Promutageni e mutageni indiretti

I protomutageni sono composti relativamente polari (e quindi chimicamente poco reattivi) che possono essere attivati metaboliticamente a forme più reattive in grado di interagire con i centri nucleofili del DNA. Il protomutageno più studiato è sicuramente il benzene, uno dei composti chimici più usati nei Paesi industrializzati. Esso è metabolizzato primariamente nel fegato a diversi prodotti idrossilati ad anello aperto; questi metaboliti sono poi trasportati anche al midollo osseo, dove ha luogo un metabolismo secondario. In questa sede, i diversi metaboliti prodotti danneggiano le macromolecole cellulari attraverso la formazione di legami covalenti e l'induzione di danno ossidativo portando a diverse patologie come anemia aplastica, leucemia e mieloma multiplo. Nei mutageni indiretti, invece, appartengono quegli agenti chimici che sono in grado di formare specie reattive dell'ossigeno (mutageni ossidativi) o che interagiscono con la sintesi, la replicazione e il corretto mantenimento della struttura del DNA.

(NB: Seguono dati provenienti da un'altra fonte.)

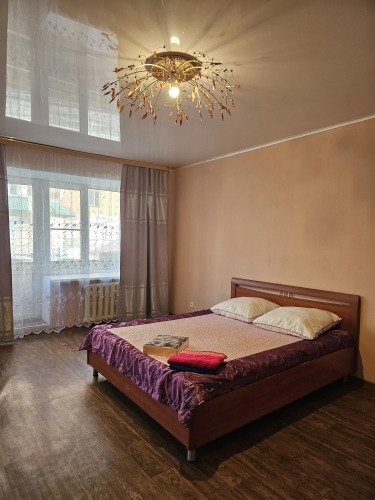 Фотография номера квартиры Квартира Уютная студия с балконом в центре города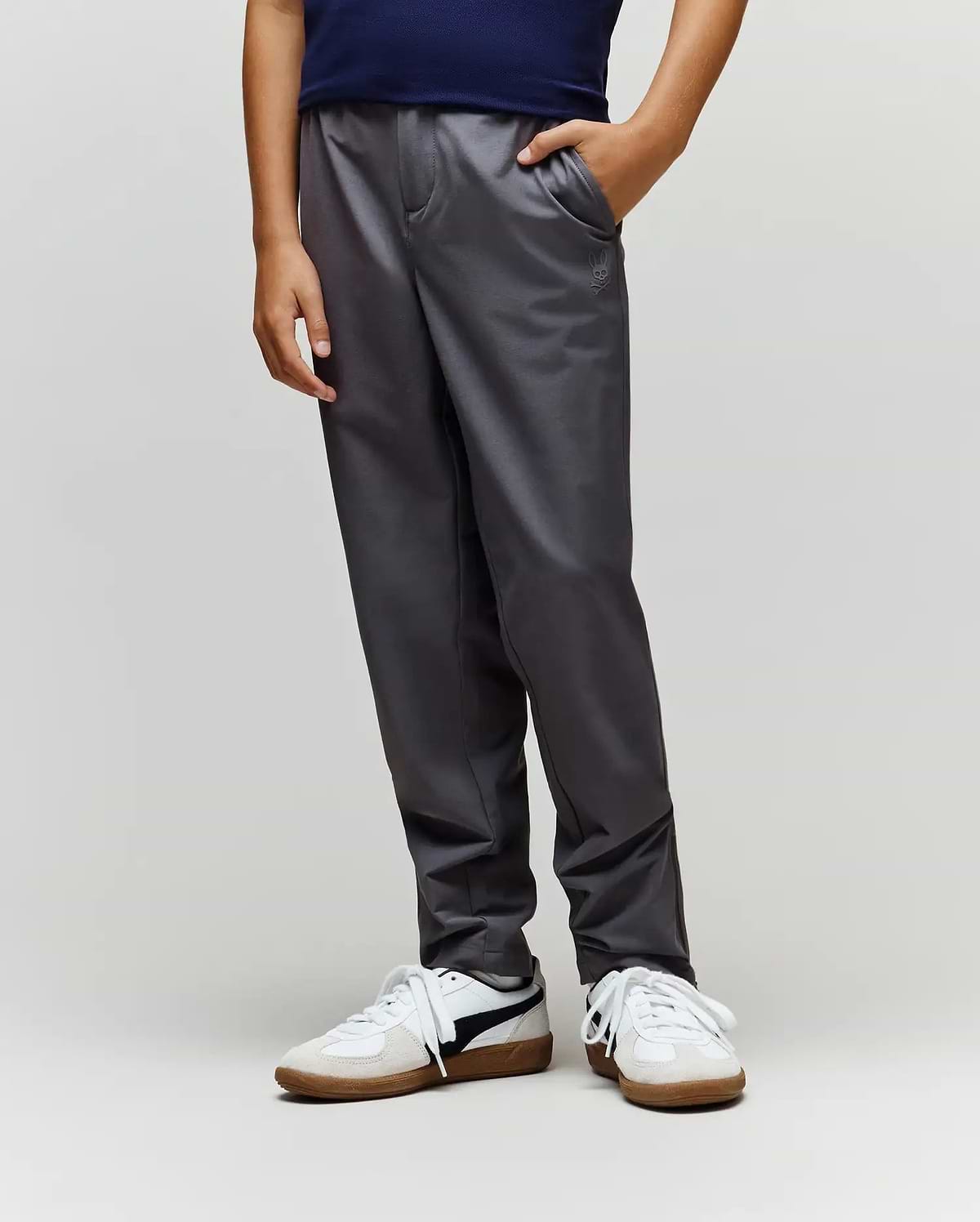 A child stands with one hand in their pocket, wearing Psycho Bunny's KIDS MATHIEU COMMUTER PANT (KB0600002) in dark gray, featuring subtle Bunny embroidery, paired with a navy shirt and white sneakers against a light background.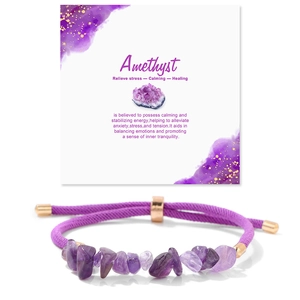 Detail of adjustable purple amethyst stone bracelet with rose gold slider on card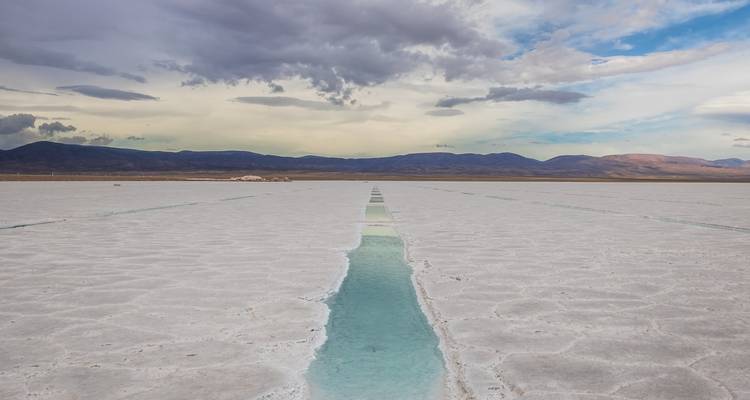 Uitgestrekte zoutvlaktes onder een bewolkte hemel.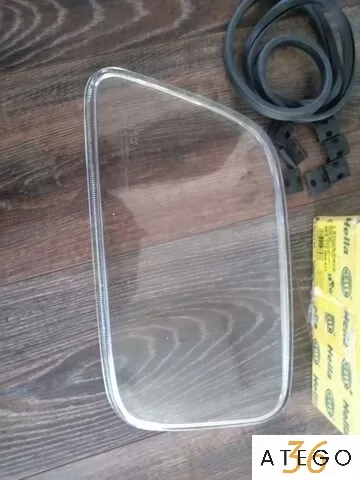 Стекло фары Mercedes Actros/Axor HELLA новое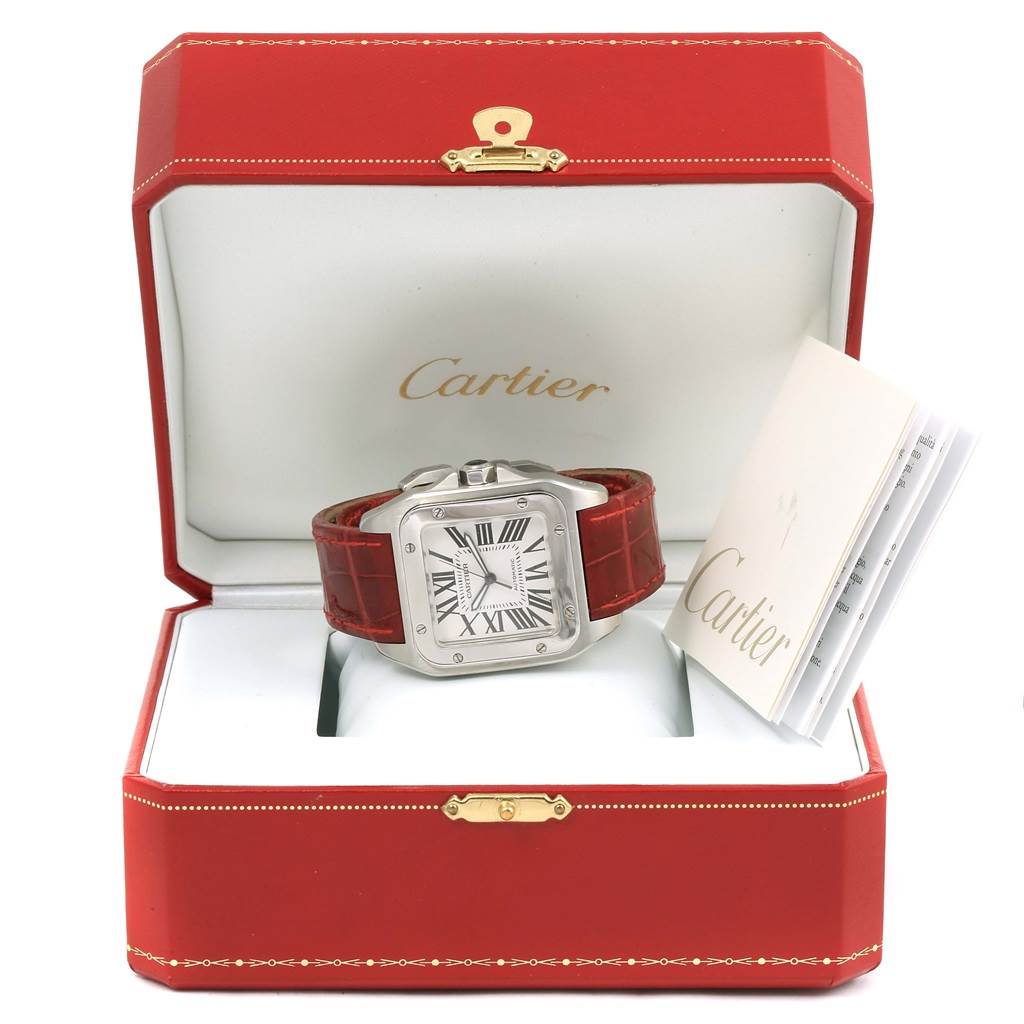 The Cartier Santos W20073X8 Men
s Stainless Steel Silver Dial W20073X8 Men
s Stainless Steel Silver Dial watch is displayed inside an open red Cartier box, accompanied by its documents.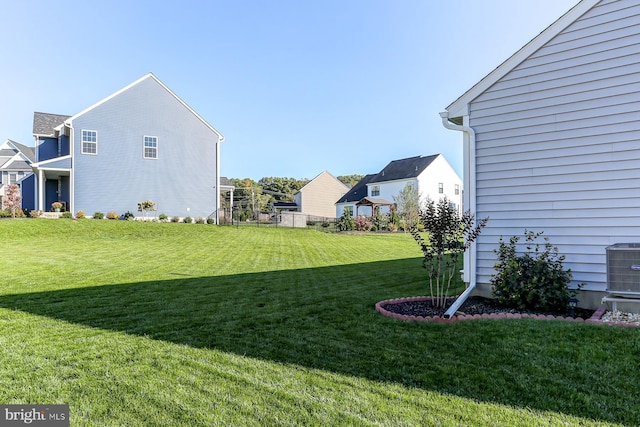 view of yard featuring central AC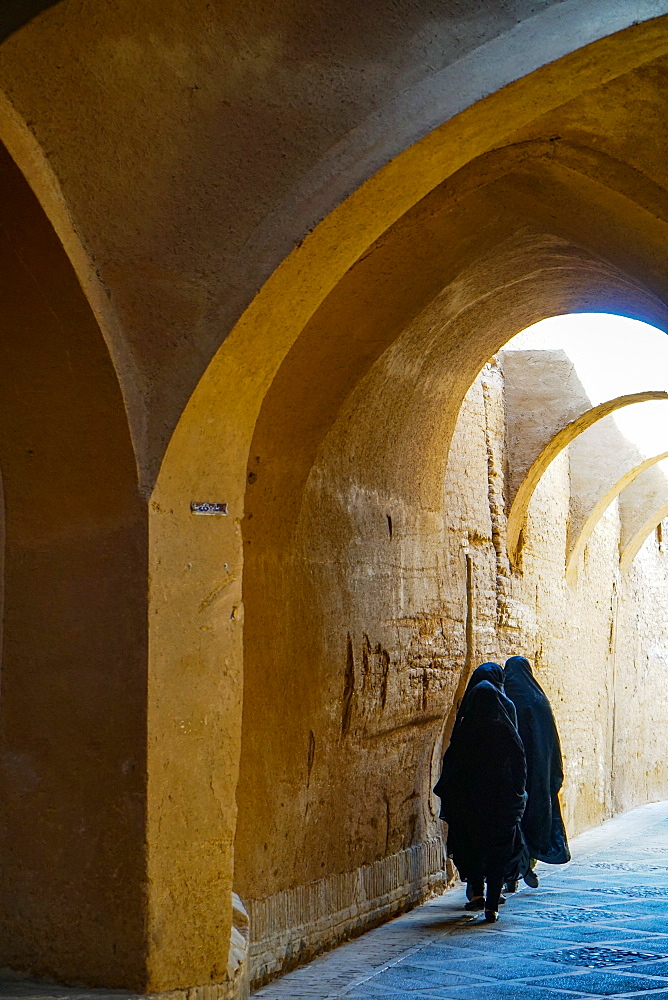 Three women in chadors hurrying down typical vaulted alleyway, Yazd, Iran, Middle East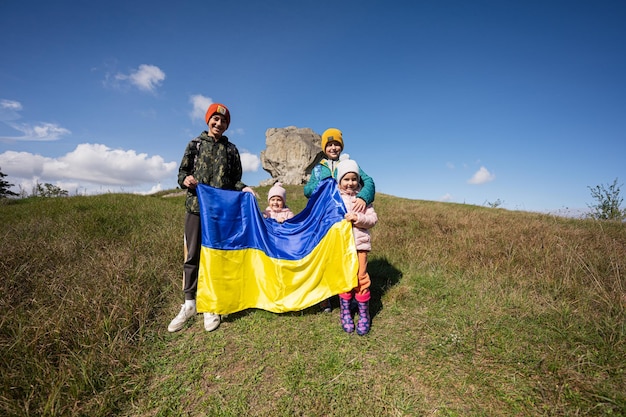 Welcome to Ukraine Four children hold ukrainian flag near big stone in hill Pidkamin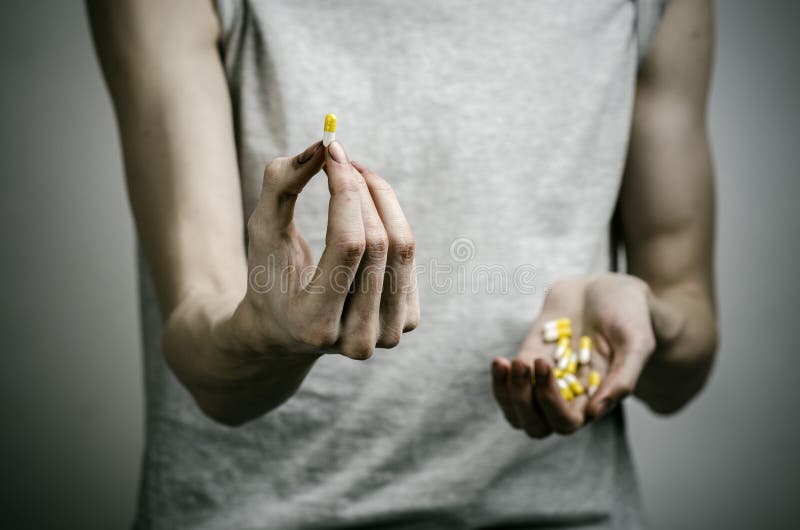 De bestrijding van drugs en drugsverslavingonderwerp: verslaafde die verdovende pillen op een donkere achtergrond houden royalty-vrije stock afbeelding De bestrijding van drugs en drugsverslavingonderwerp: verslaafde die verdovende pillen op een donkere achtergrond houden royalty-vrije stock afbeelding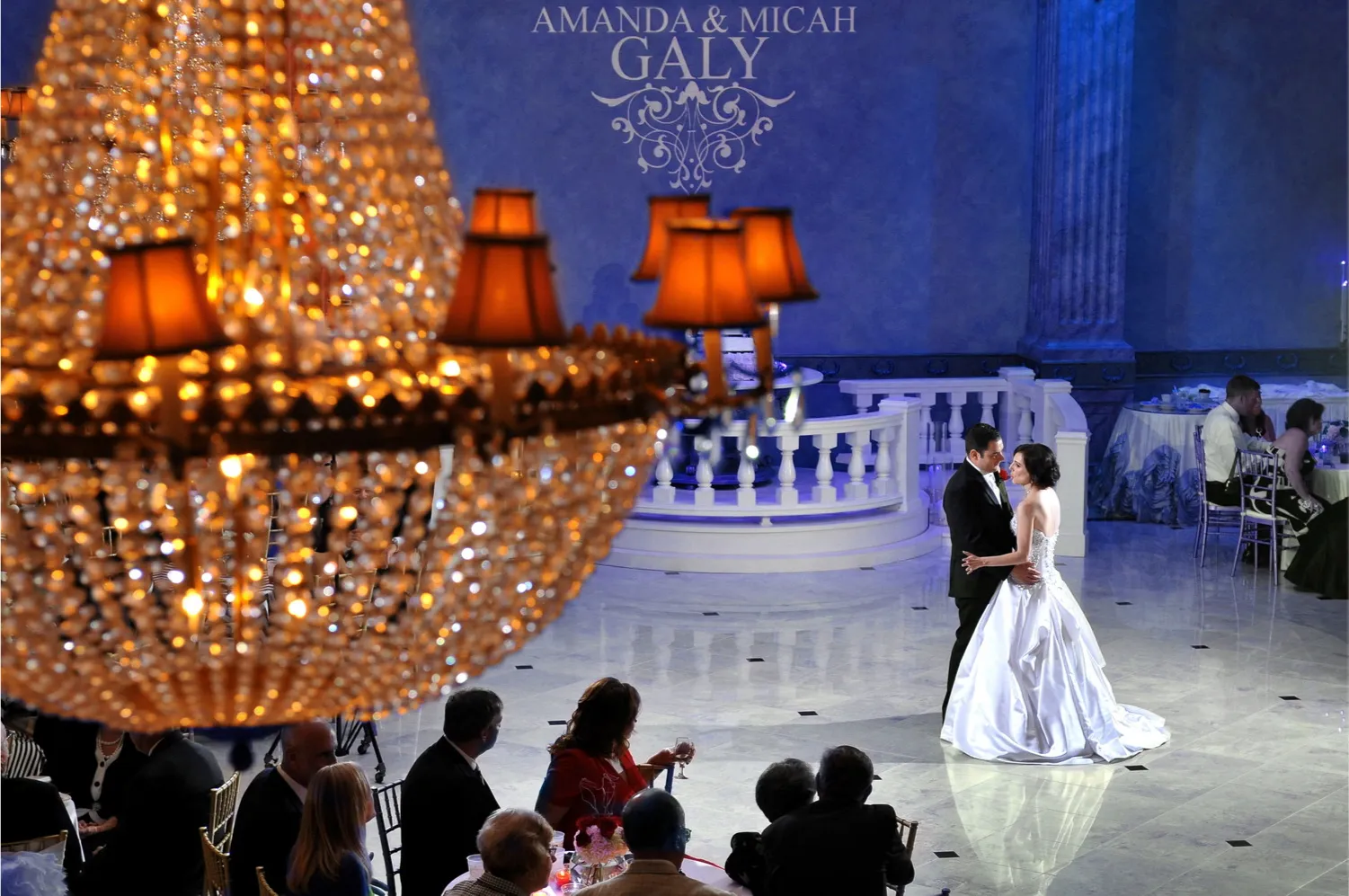 Bride and groom dancing on a marble floor in a grand hall with guests seated and a large chandelier in the foreground.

5.6 TCDD OVVERO 2,3,7,8 TETRACLORODIBENZO-P-DIOSSINA
Quando fu scoperto il cloro, esso venne considerato un inutile sottoprodotto, ma presto si scoprì come unirlo a idrocarburi derivati dal petrolio, originando così una moltitudine di composti che, dal decennio 1930-40 in poi, costituirono una produzione industriale imponente di solventi, pesticidi, disinfettanti, materie plastiche ed affini. Questi composti clorurati, sia durante il processo produttivo che in seguito a combustione, liberano alcuni sottoprodotti indesiderati, tra i quali le diossine.  Nella terminologia corrente il termine diossina è spesso usato come sinonimo di TCDD o 2,3,7,8-tetracloro-dibenzo-p-diossina. In realtà si conoscono ben 73 tipi diversi di diossine; fra queste, diciassette sono considerate estremamente tossiche per l’uomo e gli animali. Attualmente, con il termine “diossina” s’intende l’intero gruppo, la cui tossicità come composto viene espressa in riferimento alla tossicità della 2,3,7,8-tetraclorodibenzo-p-diossina, la più tossica. Altre sostanze possiedono caratteristiche di tossicità sovrapponibili a quelle delle diossine, come i PCB (bifenili policlorurati, e i PCP (policlorofenoli). La TCDD allo stato cristallino è una sostanza solida inodore, di colore bianco. È chimicamente degradabile in pochi giorni dalla radiazione solare ultravioletta in presenza di donatori di ioni idrogeno (ad esempio a contatto con il fogliame verde delle piante): se invece viene dilavata nel terreno, si lega al materiale organico presente e viene degradata molto lentamente, nell’arco di parecchi mesi o anni, basi pensare all'incidente di Seveso (Lombardia), in cui ancora adesso è presente nel suolo). Inoltre, tra le diossine, la TCDD è la molecola dotata di più spiccata tossicità, esplicando una ampia gamma di effetti specie- e tessuto-specifici come, ad esempio, induzione a trasformazione neoplastica; tossicità a carico del sistema immunitario, del fegato, della pelle.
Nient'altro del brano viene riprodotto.